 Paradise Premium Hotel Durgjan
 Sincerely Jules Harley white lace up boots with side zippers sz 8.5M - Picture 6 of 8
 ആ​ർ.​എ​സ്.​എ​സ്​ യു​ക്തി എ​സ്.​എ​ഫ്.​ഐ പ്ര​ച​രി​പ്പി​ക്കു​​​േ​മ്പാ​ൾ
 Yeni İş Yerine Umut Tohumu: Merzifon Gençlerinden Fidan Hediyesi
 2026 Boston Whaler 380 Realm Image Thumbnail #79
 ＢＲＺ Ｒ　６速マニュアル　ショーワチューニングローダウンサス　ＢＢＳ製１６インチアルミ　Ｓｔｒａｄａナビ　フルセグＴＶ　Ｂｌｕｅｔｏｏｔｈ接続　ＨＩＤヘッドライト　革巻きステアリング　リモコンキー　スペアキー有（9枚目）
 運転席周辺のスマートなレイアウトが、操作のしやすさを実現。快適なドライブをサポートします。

+++++

## Task objective:
Repeat every record, exactly as written.

## Task output:
 Paradise Premium Hotel Durgjan
 Sincerely Jules Harley white lace up boots with side zippers sz 8.5M - Picture 6 of 8
 ആ​ർ.​എ​സ്.​എ​സ്​ യു​ക്തി എ​സ്.​എ​ഫ്.​ഐ പ്ര​ച​രി​പ്പി​ക്കു​​​േ​മ്പാ​ൾ
 Yeni İş Yerine Umut Tohumu: Merzifon Gençlerinden Fidan Hediyesi
 2026 Boston Whaler 380 Realm Image Thumbnail #79
 ＢＲＺ Ｒ　６速マニュアル　ショーワチューニングローダウンサス　ＢＢＳ製１６インチアルミ　Ｓｔｒａｄａナビ　フルセグＴＶ　Ｂｌｕｅｔｏｏｔｈ接続　ＨＩＤヘッドライト　革巻きステアリング　リモコンキー　スペアキー有（9枚目）
 運転席周辺のスマートなレイアウトが、操作のしやすさを実現。快適なドライブをサポートします。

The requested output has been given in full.